> **Instructions to follow**
From the top of the entries below through the line containing "Traditional Poetry from", return every line exactly as written, please, and stop there.

> **Supplied records**
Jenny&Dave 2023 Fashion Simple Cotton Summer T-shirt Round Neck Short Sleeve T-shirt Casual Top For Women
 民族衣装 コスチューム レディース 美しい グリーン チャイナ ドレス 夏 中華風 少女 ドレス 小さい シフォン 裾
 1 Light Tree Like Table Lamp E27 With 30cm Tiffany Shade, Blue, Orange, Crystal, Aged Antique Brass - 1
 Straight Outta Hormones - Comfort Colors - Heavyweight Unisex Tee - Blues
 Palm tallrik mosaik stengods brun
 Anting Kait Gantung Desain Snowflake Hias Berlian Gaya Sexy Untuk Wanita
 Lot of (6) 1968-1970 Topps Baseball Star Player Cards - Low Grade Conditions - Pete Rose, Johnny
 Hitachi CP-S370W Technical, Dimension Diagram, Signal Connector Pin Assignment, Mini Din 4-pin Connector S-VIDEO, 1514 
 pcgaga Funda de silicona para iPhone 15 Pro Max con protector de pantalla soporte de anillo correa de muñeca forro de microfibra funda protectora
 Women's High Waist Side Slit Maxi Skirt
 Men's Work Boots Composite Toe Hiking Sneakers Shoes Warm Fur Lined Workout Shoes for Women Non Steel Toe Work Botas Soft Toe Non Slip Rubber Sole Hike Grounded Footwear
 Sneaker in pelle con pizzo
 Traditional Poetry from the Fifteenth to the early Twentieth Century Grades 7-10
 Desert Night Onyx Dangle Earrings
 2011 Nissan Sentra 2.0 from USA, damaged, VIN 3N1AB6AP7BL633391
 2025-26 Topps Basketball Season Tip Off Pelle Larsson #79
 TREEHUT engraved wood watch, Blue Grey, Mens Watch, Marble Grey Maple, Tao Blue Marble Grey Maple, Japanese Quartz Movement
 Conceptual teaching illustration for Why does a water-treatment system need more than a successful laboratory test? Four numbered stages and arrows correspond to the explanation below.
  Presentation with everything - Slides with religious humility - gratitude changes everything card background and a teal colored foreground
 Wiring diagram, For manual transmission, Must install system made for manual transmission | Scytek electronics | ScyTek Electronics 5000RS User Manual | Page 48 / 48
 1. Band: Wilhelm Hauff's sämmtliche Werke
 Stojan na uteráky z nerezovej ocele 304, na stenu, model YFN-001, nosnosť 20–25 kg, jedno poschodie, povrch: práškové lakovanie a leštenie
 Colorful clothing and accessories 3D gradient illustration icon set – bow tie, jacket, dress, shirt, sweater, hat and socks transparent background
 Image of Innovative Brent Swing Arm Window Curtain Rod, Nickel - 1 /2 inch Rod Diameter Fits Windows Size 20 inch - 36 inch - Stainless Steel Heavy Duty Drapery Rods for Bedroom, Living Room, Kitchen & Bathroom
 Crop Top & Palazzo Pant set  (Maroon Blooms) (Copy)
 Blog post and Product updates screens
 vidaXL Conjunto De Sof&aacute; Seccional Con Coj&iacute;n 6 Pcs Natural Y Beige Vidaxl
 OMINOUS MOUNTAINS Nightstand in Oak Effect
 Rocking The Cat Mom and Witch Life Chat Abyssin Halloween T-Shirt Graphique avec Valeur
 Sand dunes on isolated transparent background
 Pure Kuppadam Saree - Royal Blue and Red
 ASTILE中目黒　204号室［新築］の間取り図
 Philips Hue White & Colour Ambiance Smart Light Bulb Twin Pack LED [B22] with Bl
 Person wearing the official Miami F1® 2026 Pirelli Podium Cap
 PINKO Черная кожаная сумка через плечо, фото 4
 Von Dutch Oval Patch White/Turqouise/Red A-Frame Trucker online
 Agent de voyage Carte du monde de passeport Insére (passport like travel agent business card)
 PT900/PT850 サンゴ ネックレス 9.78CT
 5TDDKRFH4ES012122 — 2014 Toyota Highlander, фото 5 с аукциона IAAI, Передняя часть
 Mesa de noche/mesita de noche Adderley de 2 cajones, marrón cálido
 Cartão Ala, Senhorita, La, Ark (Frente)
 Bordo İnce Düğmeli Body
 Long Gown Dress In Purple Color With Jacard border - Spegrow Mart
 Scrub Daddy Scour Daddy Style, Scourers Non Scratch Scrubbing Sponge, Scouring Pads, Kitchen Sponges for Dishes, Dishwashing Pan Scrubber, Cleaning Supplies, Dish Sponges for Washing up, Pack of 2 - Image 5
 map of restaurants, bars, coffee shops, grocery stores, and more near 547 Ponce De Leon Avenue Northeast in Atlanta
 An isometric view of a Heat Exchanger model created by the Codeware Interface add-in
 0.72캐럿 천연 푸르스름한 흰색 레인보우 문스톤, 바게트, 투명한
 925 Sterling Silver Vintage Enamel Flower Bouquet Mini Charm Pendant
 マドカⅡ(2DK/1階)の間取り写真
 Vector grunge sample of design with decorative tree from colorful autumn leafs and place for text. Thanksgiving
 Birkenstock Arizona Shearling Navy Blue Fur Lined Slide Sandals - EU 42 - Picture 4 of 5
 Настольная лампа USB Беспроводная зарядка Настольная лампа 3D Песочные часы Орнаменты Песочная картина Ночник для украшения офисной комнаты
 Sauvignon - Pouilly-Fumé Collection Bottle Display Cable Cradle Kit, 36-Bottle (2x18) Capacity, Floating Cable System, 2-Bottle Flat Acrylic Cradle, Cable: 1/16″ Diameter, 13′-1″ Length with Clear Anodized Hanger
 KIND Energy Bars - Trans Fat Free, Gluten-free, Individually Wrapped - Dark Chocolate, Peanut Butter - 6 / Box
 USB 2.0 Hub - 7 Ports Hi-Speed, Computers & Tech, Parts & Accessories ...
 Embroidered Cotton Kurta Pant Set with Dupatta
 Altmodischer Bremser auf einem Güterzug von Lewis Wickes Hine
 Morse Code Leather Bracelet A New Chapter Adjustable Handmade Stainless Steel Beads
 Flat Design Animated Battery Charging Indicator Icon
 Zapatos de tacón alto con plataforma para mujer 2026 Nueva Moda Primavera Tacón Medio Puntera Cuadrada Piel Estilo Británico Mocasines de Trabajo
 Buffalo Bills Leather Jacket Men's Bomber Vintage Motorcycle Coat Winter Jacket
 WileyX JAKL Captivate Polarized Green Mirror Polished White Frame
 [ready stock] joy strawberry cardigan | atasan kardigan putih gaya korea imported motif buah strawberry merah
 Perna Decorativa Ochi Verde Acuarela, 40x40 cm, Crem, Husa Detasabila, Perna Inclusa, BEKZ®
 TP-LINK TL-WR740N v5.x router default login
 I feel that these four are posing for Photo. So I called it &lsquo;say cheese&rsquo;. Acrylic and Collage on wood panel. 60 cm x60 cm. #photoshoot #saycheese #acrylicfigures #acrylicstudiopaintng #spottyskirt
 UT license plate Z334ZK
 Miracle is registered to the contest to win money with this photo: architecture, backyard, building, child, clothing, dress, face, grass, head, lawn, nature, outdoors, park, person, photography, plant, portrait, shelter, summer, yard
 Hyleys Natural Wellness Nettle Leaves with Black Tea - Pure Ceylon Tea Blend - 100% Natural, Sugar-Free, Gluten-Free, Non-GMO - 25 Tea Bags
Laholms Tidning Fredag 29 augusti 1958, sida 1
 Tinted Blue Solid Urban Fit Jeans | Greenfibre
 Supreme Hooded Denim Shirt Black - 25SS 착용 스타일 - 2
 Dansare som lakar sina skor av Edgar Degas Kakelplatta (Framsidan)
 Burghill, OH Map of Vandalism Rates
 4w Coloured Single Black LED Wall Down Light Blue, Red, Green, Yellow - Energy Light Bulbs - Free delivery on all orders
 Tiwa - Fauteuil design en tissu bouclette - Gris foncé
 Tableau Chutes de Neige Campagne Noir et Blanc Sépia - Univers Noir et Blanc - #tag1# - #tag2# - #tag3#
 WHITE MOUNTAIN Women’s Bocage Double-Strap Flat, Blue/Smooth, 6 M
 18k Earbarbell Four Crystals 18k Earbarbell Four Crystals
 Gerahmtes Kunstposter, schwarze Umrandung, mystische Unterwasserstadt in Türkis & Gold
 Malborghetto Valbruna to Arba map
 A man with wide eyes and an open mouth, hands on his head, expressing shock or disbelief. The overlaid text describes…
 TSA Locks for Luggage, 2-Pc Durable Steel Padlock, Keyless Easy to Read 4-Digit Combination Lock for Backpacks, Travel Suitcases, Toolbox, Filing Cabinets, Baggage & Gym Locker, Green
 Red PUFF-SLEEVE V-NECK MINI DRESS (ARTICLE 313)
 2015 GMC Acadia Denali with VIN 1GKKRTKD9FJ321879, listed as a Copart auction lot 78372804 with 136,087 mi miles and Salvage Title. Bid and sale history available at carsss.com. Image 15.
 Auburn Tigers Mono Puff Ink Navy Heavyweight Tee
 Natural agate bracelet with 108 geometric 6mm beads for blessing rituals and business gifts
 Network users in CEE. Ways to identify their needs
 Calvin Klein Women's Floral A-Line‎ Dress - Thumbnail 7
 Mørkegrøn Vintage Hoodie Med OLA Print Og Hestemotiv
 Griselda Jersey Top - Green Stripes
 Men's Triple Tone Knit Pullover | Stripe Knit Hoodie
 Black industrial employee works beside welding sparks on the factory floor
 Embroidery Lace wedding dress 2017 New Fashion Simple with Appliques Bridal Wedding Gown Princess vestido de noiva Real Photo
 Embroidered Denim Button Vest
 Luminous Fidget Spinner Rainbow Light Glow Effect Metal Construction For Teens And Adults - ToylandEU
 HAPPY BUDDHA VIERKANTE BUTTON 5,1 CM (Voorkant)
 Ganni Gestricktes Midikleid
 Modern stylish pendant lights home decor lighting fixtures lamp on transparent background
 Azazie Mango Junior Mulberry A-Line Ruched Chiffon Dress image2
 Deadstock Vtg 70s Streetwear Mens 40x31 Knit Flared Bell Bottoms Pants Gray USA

> **Expected answer**
Jenny&Dave 2023 Fashion Simple Cotton Summer T-shirt Round Neck Short Sleeve T-shirt Casual Top For Women
 民族衣装 コスチューム レディース 美しい グリーン チャイナ ドレス 夏 中華風 少女 ドレス 小さい シフォン 裾
 1 Light Tree Like Table Lamp E27 With 30cm Tiffany Shade, Blue, Orange, Crystal, Aged Antique Brass - 1
 Straight Outta Hormones - Comfort Colors - Heavyweight Unisex Tee - Blues
 Palm tallrik mosaik stengods brun
 Anting Kait Gantung Desain Snowflake Hias Berlian Gaya Sexy Untuk Wanita
 Lot of (6) 1968-1970 Topps Baseball Star Player Cards - Low Grade Conditions - Pete Rose, Johnny
 Hitachi CP-S370W Technical, Dimension Diagram, Signal Connector Pin Assignment, Mini Din 4-pin Connector S-VIDEO, 1514 
 pcgaga Funda de silicona para iPhone 15 Pro Max con protector de pantalla soporte de anillo correa de muñeca forro de microfibra funda protectora
 Women's High Waist Side Slit Maxi Skirt
 Men's Work Boots Composite Toe Hiking Sneakers Shoes Warm Fur Lined Workout Shoes for Women Non Steel Toe Work Botas Soft Toe Non Slip Rubber Sole Hike Grounded Footwear
 Sneaker in pelle con pizzo
 Traditional Poetry from the Fifteenth to the early Twentieth Century Grades 7-10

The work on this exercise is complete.